I'm working on a project where I have a large array of integers. Using a rotary encoder, I will scroll through those integers (in both directions), outputting one or two at a time on a 7 segment display.
The array is far too large to store all on SRAM (on the Mega), so I store it in a CSV on an SD card, and only load a portion onto RAM, and load more as needed as I scroll. My question has to do with the size of this portion of the array. If it's small, I'll be accessing the SD card more frequently. If it's large, I don't have to load as often, but load times will increase.
At the extreme, I could only load the element(s) that I'm currently displaying, and access the SD every time I increment up or down with the rotary encoder.
Does anyone have any experience/thoughts on how to optimize this aspect of my code?
jimLee:
Just get it working any way you can first. Deal with optimizing it after. You'll understand more and maybe you won't need to optimize it at all.
-jim lee
Of course testing will be necessary
However, I will need to choose a size of said portion of the array. It's this size that I'm unsure about. Not sure how I can avoid optimizing this number since I'll set it arbitrarily at first. I'd just like some perspective so I don't set it entirely arbitrarily at first.
If those values are constant, or if you don't mind reprogramming the whole thing just to do a little change, then why not storing them in its flash memory? Although due to compiler limitations, arrays of any kind cannot exceed 32 KB (32767 bytes) in size, so in that case splitting up the lookup table is the only option.
Nevertheless, continuing to your original question:
If your concern is about optimal performance on an SD card data access (read), then consider this when deciding a size for your cache:
The library already caches 512 bytes of data, so any read attempt within this boundary will be almost instantaneous (1 microsecond at most). Outside of this boundary (every 512th byte) will trigger a cache reload, that should take 1-4 microseconds depending on the SPI's clock frequency.
There's also another key factor inside the filesystem itself: something called cluster (aka allocation unit) size; you can know that by either running the CardInfo example, or by creating a non-empty and no larger than 512 bytes big file, and then checking its "size in disk" property in the file explorer of your PC. Like with the previously mentioned cache, every cluster-size bytes will trigger another kind of reload; but this time it's the slowest one because of how FAT systems work. This special process might take 10-40 microseconds in the worst case; probably not a big deal anyway, but on time-critical events who knows...
In summary: reading a byte from an SD card most of the time it's nearly instantaneous, eventually it will take a bit longer (once a little while), and sometimes even longer (not so often though).
The first situation occurs when the data is already in RAM by the library.

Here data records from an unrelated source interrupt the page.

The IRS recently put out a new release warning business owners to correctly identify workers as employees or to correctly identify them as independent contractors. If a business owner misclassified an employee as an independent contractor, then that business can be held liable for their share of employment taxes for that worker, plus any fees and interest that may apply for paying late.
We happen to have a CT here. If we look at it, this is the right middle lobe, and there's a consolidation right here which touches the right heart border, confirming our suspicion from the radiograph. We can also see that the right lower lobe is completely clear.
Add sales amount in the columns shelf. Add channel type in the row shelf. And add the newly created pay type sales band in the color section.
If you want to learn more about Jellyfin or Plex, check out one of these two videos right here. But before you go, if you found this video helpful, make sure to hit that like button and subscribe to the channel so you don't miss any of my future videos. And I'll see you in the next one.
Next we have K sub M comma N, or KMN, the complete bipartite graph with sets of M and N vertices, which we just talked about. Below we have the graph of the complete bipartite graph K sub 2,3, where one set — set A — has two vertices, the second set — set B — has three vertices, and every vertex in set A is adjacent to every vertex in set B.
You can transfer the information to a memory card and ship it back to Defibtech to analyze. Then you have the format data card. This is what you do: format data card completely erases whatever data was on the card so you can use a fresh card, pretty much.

The second one when accessing data outside the library's cache (just loads the next data block). The third one when accessing data outside the current filesystem-defined "cluster" (queries the FAT for the next file's cluster and then loads the corresponding data block).

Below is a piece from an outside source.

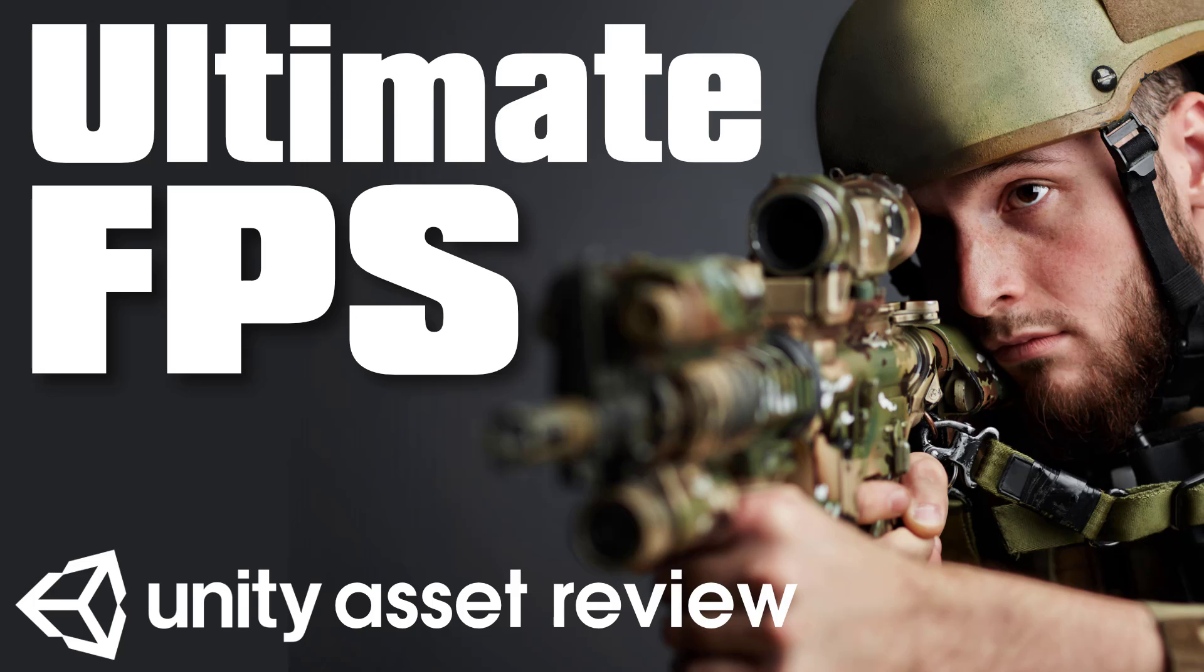Hello ladies and gentlemen, it's Mike here at Game From Scratch and today we're going to continue our ongoing look at the Unity assets available in the two Humble Bundles.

Too technical I know, but bear with me this is more exactly what you're dealing with when deciding the size.
jimLee:
So its burning up 512 bytes of RAM from the paltry 2K we have? (For a standard UNO)

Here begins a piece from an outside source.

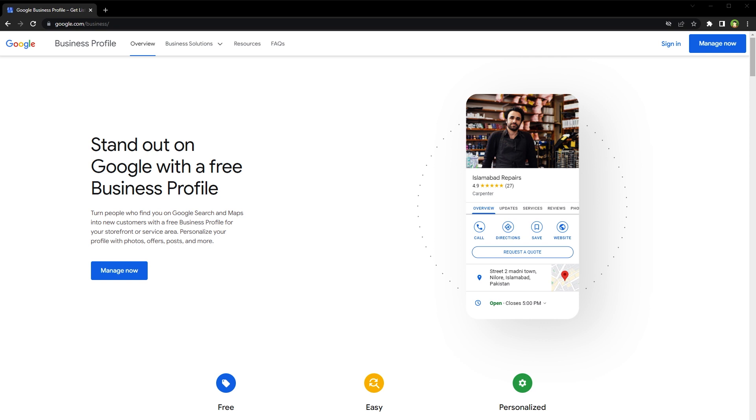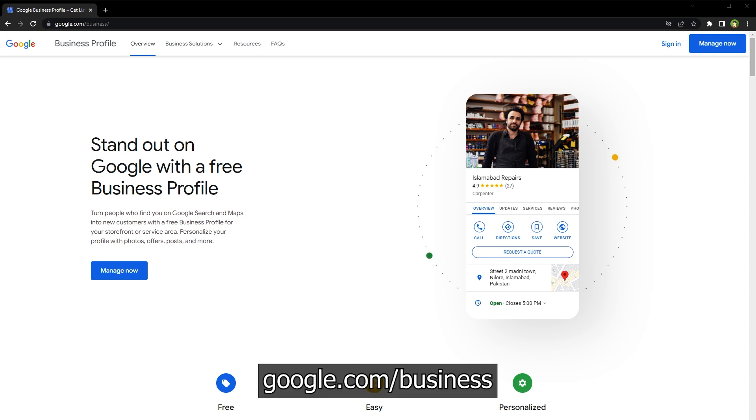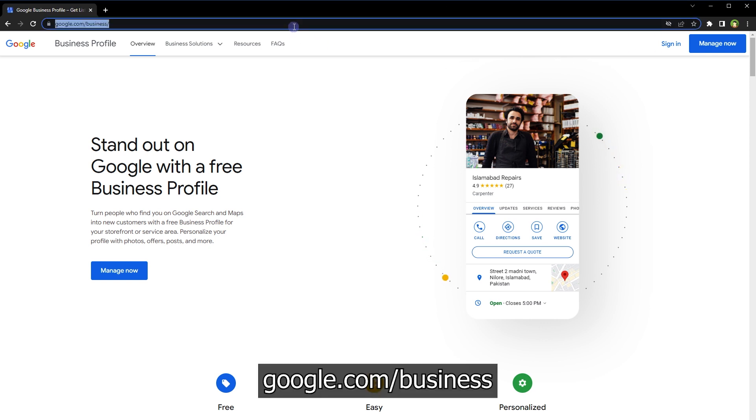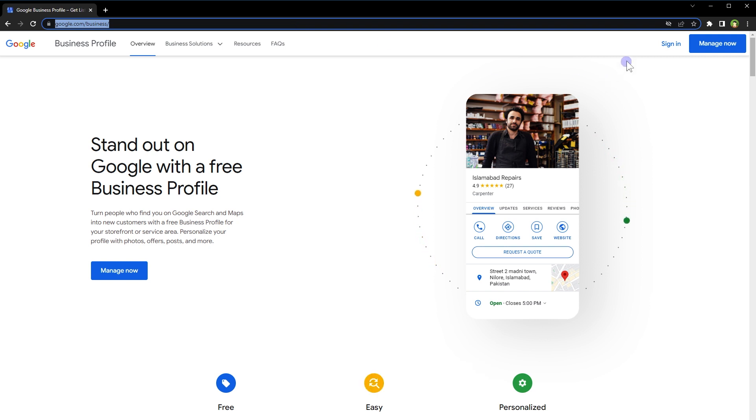For this to work, you should have your business listed in Google Business. If you're not currently on Google Business, you can create your business profile by going to google.com/business. If you already have a business profile, open this website google.com/business.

Unfortunately yes, but for a good reason.
SD cards are essentially a (NAND) flash memory and not an actual EEPROM. Although reading data in a random fashion is straightfoward, writing like that is not.
Due to how NAND flash memories write data (erase-program cycle), it has to be divided in blocks called "pages" for that matter. In an SD card, this "page" size is coincidentally the same as the standard disk sector size (and you guessed, it's 512 bytes). NAND flash memories always have to write data in "pages", even if only a single byte has to be updated.
And since an erase-program cycle of a flash memory is relatively time-consuming, the library has to have a cache of at least a "page" big. It would be terribly inefficient (not to mention faster wearing) to trigger this erase-program cycle for every byte you wanna put or overwrite on the file.
So in a nutshell: the cache is that big mostly for the write operations; otherwise it could be smaller or even absent at all (but still at a cost of performance since data is still transferred in a serial manner).
The closest thing an SD card has on its own, is a buffer rather than a cache. But this buffer only works after a "write command", so it means it's there only to temporarily hold the data (block/"page") while is being received (remember, SPI is a serial communication), and before it's actually written into its flash memory (initiate the erase-program cycle).